Single by Chevelle

from the album Vena Sera
- Released: June 12, 2007
- Length: 3:55
- Label: Epic
- Songwriters: Pete Loeffler; Sam Loeffler;
- Producer: Michael "Elvis" Baskette

Chevelle singles chronology
| "Well Enough Alone" (2007) | "I Get It" (2007) | "The Fad" (2008) |

Music video
- "I Get It" on YouTube

= I Get It =

"I Get It" is a song by American rock band Chevelle. It was released as the second single from their fourth studio album, Vena Sera (2007). The song was announced on the band's website to be released to radio stations on June 12, 2007.

==Critical reception==
Loudwire ranked it the fifth greatest Chevelle song.

==Music video==
The music video for "I Get It" premiered on November 28 on MTV2 at the top of every hour they played music videos.

The video marks the first time since the band's video for "Mia" in 1999 that the band did not appear in its music video. The video was directed by Shawn Foster under the team name Citizens of Tomorrow. The concept was written by Jeff Hilliard.
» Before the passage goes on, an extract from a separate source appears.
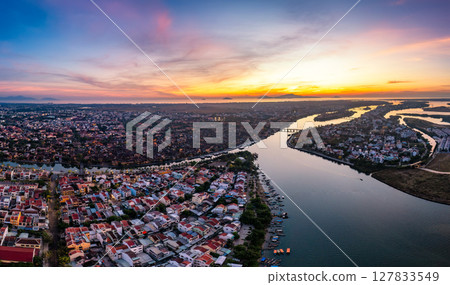 Sunrise Over Hoi An Old Quarter. Peaceful Streets and Lanterns Sunrise Over Hoi An Old Quarter. Peaceful Streets and Lanterns 127833549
The video features a man at his job (Jeff Hilliard). He is frequently picked on by his employer (Paul Hughes). He plans an elaborate scheme to get back at his boss, including dressing up as a clown, taking pictures of his boss cheating on his wife, having a mixed martial artist (played by Josh Koscheck) attack his boss, and tattooing "Mr. Perfect" into his boss's head.

The video features two comedians and fellow friends of the band, Jeff Hilliard and Paul Hughes. They play the video's main protagonist and antagonist, respectively.

==Charts==

===Weekly charts===

Weekly chart performance for "I Get It"
| Chart (2007–2008) | Peak position |
|---|---|
| Canada Rock (Billboard) | 31 |
| US Bubbling Under Hot 100 (Billboard) | 18 |
| US Alternative Airplay (Billboard) | 4 |
| US Mainstream Rock (Billboard) | 5 |

===Year-end charts===

2007 year-end chart performance for "I Get It"
| Chart (2007) | Position |
|---|---|
| US Mainstream Rock Songs (Billboard) | 14 |

2008 year-end chart performance for "I Get It"
| Chart (2008) | Position |
|---|---|
| US Alternative Airplay (Billboard) | 20 |

==Certifications==

| Region | Certification | Certified units/sales |
| United States (RIAA) | Gold | 500,000^{‡} |
^{‡} Sales+streaming figures based on certification alone.